Some of Musk's intentions conflict with one another — keeping the algorithm secret has long been justified as a way to remain one step ahead of spambots. One of his proposed remedies, "authenticate all genuine persons," might threaten anonymous speech, which is a key component of Twitter's egalitarian dialogue. There are several happy mediums here — increasing but not requiring verification might help uncover spammers on the edges and reduce the cliquish dispute between "blue checks" and the unwashed masses. Musk won't be able to escape the compromises that come with content regulation, but he can do so in a variety of ways.

It will be tough to re-establish proper expectations for Twitter's moderation. Some on the right will undoubtedly test the limits of their desired liberties, while some on the left may seek boycotts of Twitter or its sponsors in reaction to policy changes. Musk will be chastised and praised for judgments on moderation that are unrelated to his ownership. Regardless of Musk's behavior, his acquisition may alter the platform's "vibes."

Elon Musk will have to offer people more influence over their individual experiences if he wants to liberalize Twitter's platform-wide policies or make fewer choices concerning politicized issues like disinformation or hatred without losing users or advertisers. Building tools that allow users to govern their own feeds and properly curate blocklists, or allowing third parties to do so, will take time. In the meanwhile, Twitter will have to manage expectations or face severe backlash. Nonetheless, as a privately held company, Twitter will have more leeway to experiment here than it has in the past, since it will not be constrained by the impact of quarterly earnings on its stock price. Musk may be ready to spend cash in the short term to weather the storm.
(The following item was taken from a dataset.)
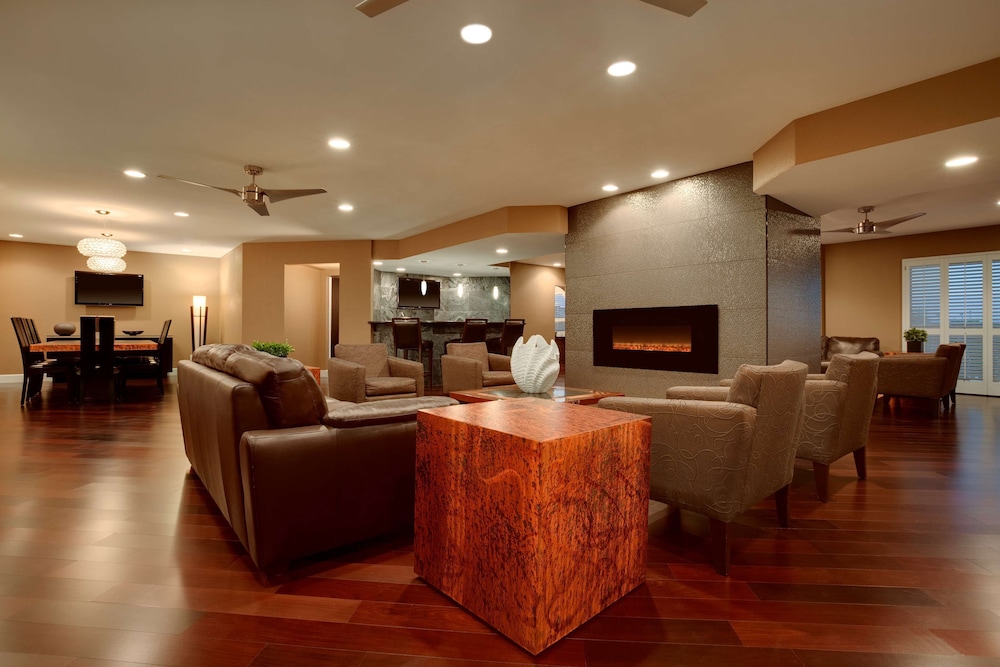 Embassy Suites by Hilton Scottsdale Resort 10/63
Giving consumers more control without splintering the platform would become difficult after a certain point. It may just be impossible to create a single large, boisterous global discourse that advertisers find appealing. Musk may speed up attempts to decentralize Twitter, recognizing that it is difficult to please everyone. BlueSky, a Twitter-backed project to develop a decentralized social media standard, is unaffected by the transaction, although Twitter might follow suit under Musk. In this scenario, Twitter would keep control of its core network, authenticating users and monitoring unlawful behavior, but leaving the appearance of tweets to third-party apps that utilize other filtering and presentation techniques. Twitter may keep an ad-friendly client, offer network access to third-party clients, or find other methods to monetise its raw material.

At the end of the day, Elon Musk will be the one to make these decisions. Musk wants Twitter to be more like itself, or at least more like it used to be. Despite concerns about democracy's capacity to tolerate unfiltered information and unrestricted communication on a large scale, Musk's vision of a worldwide clearinghouse for ideas is beneficial. To work properly, democracy requires feedback loops, and while Twitter has become a venue for elites and elite institutions to lose their credibility, it actually shows mistrust and misunderstanding rather than creating it. However, it remains to be seen if anyone, including Elon Musk, can successfully administer such a clearinghouse.